Thracian Kingdom. Lysimachos. 323-281 B.C. AR tetradrachm (30 mm, 16.70 g). Sardis, 297/6-ca. 287 B.C. Diademed head of deified Alexander right, with Ammon-horn / BAΣIΛEΩΣ ΛΥΣIMAXOΥ, Athena seated left, holding Nike and resting arm on shield, spear behind; in inner and outer left fields, monograms. Thompson 89. Good Fine.

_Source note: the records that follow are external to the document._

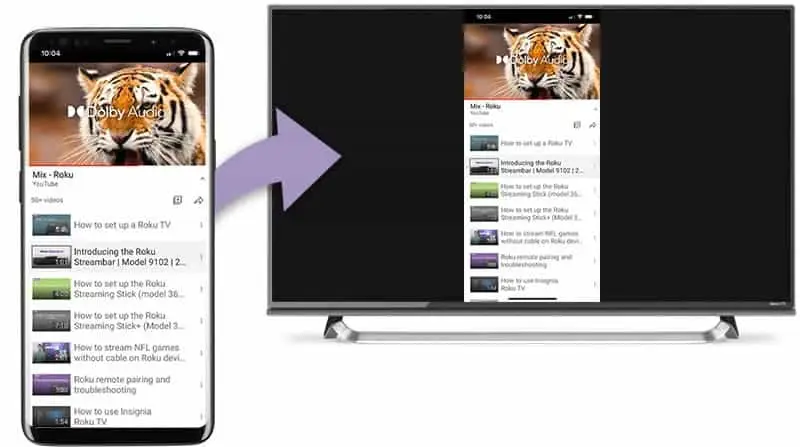 roku os screen mirroring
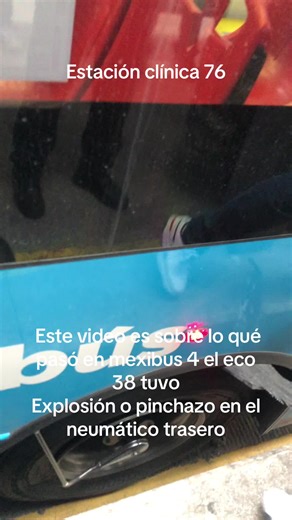 Explosión de neumático en Mexibus línea 4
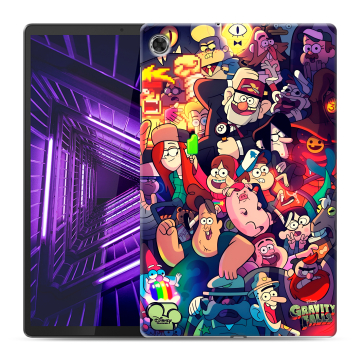 Силиконовый чехол на Lenovo Tab M10 Plus с принтом Gravity Falls Гравити Фолз
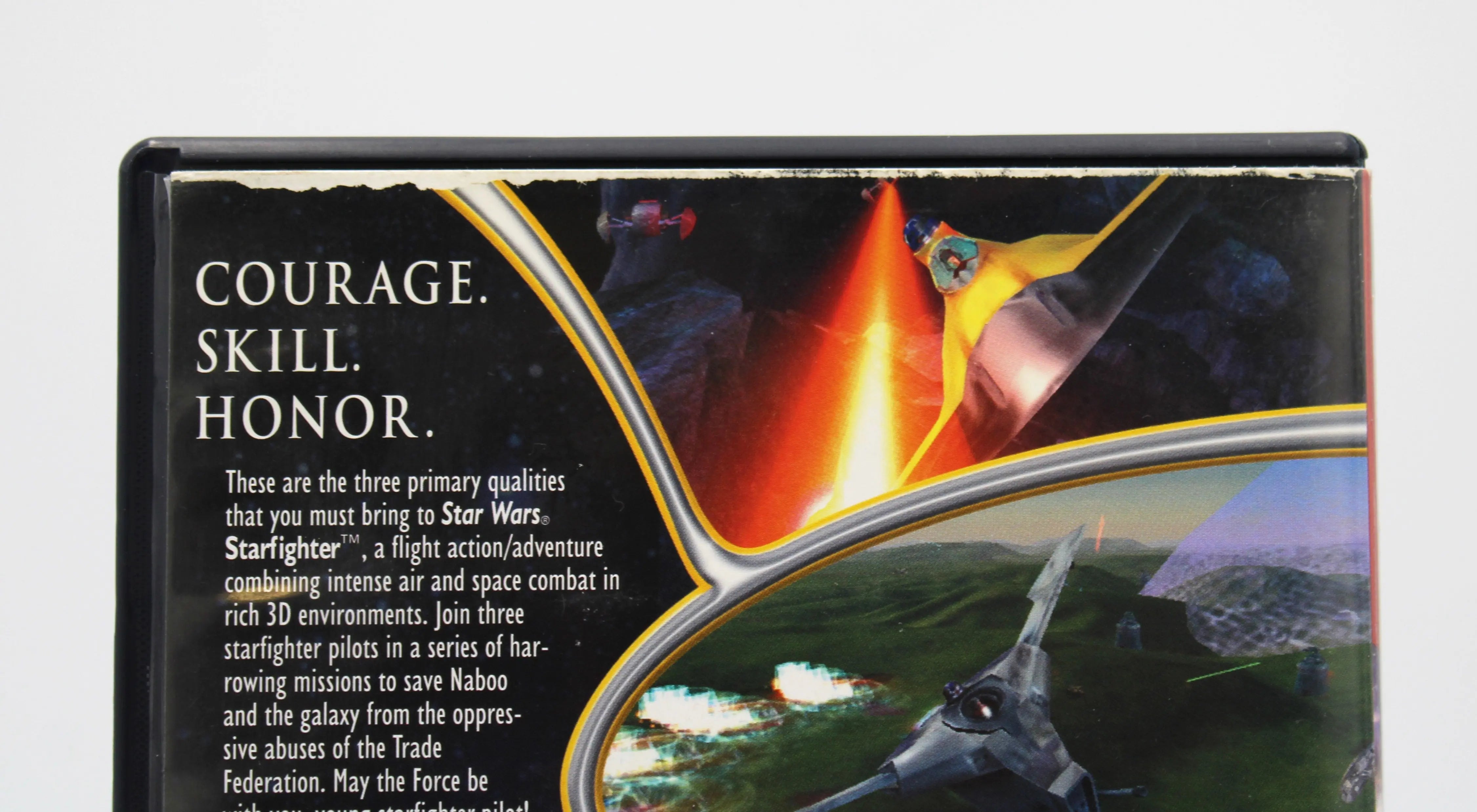 For sale is Star Wars Starfighter for Sony PlayStation 2, PS2. 2002 release. Greatest Hits GH CIB + Manual & Reg Card! See picture of minor cosmetic wear to the top artwork backside.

Lysimachos was one of the most enduring and successful successors of Alexander, who were called the Diadochoi (lit. 'successors'). As one of the king's bodyguards, he was perhaps not the most prominent of Alexander's officers, but Lysimachos steadily expanded his position after receiving the small and endangered province of Thrace as his satrapy in 323 BC. In the Fourth War of the Diadochi (307-301 BC), he allied with Seleukos against Antigonos Monophthalmos, who was defeated and killed in 301 BC in the Battle of Ipsos, winning Lysimachos the west and south of Asia Minor. In 288 BC, the king invaded Macedon with his ally Pyrrhos of Epeiros, where the coalition partners defeated Antigonos' son Demetrios I Poliorketes. The newly captured city of Amphipolis became Lysimachos' principal mint of his later reign, which eventually ended in the Battle of Kurupedion, where the two sole surviving generals of Alexander clashed one last time in 281 BC: Lysimachos, now an old man of 79 or 80 years, was defeated and killed by his only slightly younger opponent Seleukos I (* circa 358 BC), who annexed the Kingdom of Thrace and crossed the Hellespont to return to his Macedonian homeland for the first time after more than half a century. However, the sprightly last survivor of Alexander's generals was assassinated in his former opponents' capital Lysimacheia shortly thereafter, ultimately denying an old man's wish to die in his native land. Seleukos' remains were acquired by Philetairos of Pergamon and handed over to Antiochos I, who buried his father in a mausoleum in Seleukeia Pieria called the Nikatoreion.